What the task requires: An exact reproduction of the entries is needed. Keep all pictures out of it.

Listed records:

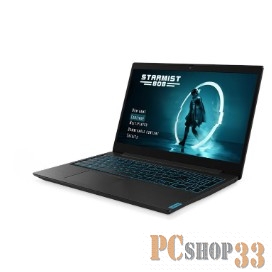 Ноутбук Lenovo L340-15IRH Gaming 15.6 FHD,Intel Core i5-9300H,16Gb, 256Gb SSD M.2,1650GTX 4Gb,DOS,black(81LK01GXRK)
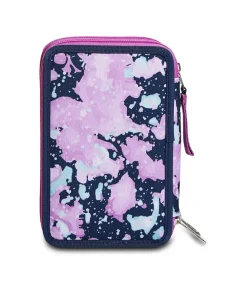 Astucci|Seven Astuccio ® 3 Zip - Drawingpin Girl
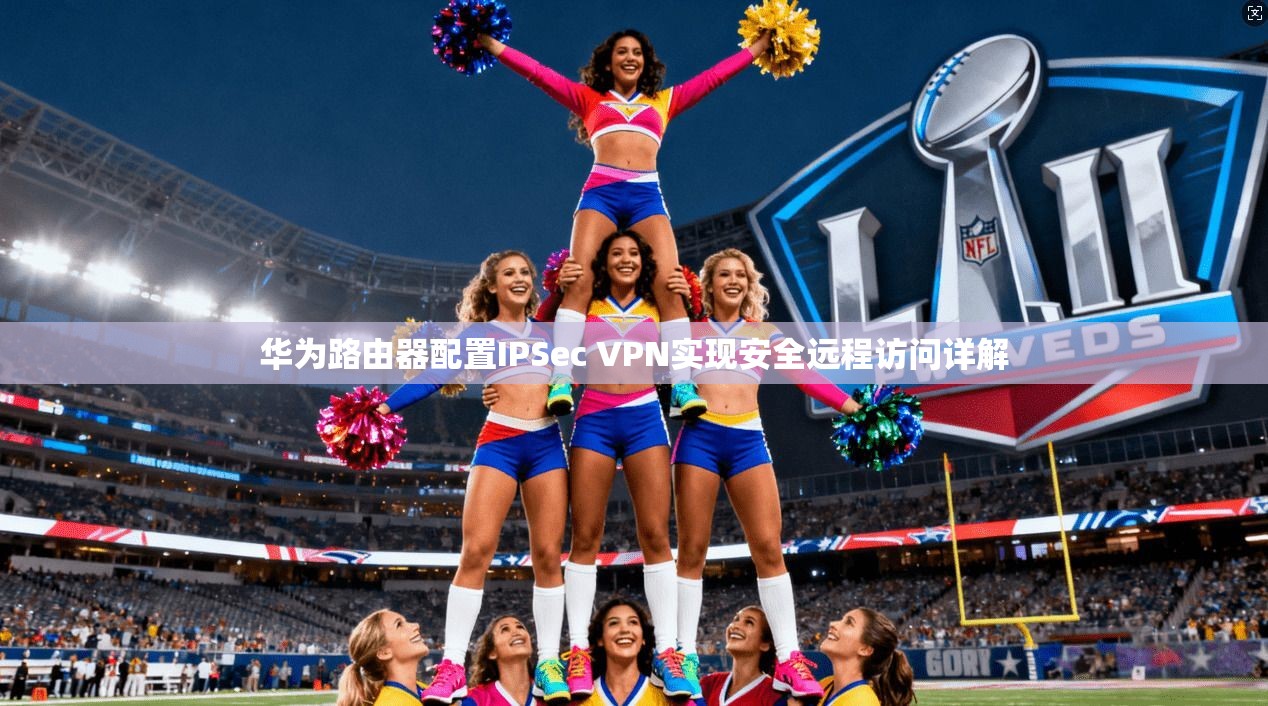 华为路由器配置IPSec VPN实现安全远程访问详解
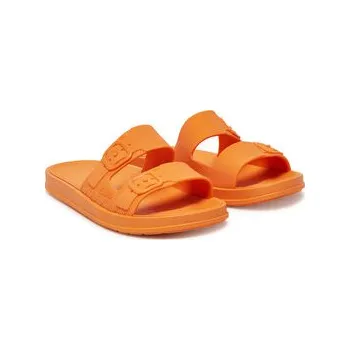 Dámské pantofle Melissa Nazouváky Sun Cruise Branco 35961 Oranžová 35_36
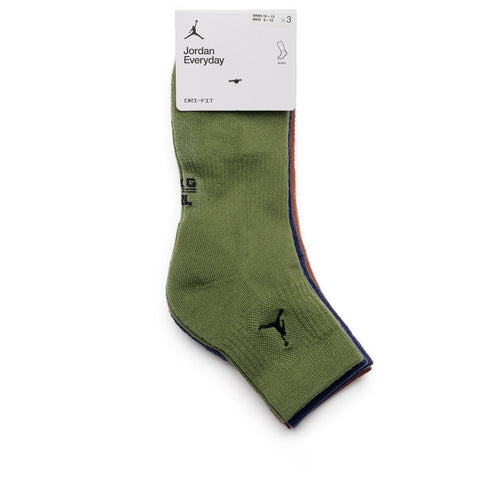 Jordan Everyday Ankle Socks - Multi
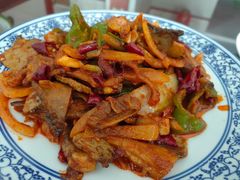 -范记靖远羊羔肉(博物馆店)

Written solution:
 Ноутбук Lenovo L340-15IRH Gaming 15.6 FHD,Intel Core i5-9300H,16Gb, 256Gb SSD M.2,1650GTX 4Gb,DOS,black(81LK01GXRK)
 Astucci|Seven Astuccio ® 3 Zip - Drawingpin Girl
 华为路由器配置IPSec VPN实现安全远程访问详解
 Dámské pantofle Melissa Nazouváky Sun Cruise Branco 35961 Oranžová 35_36
 Jordan Everyday Ankle Socks - Multi
 -范记靖远羊羔肉(博物馆店)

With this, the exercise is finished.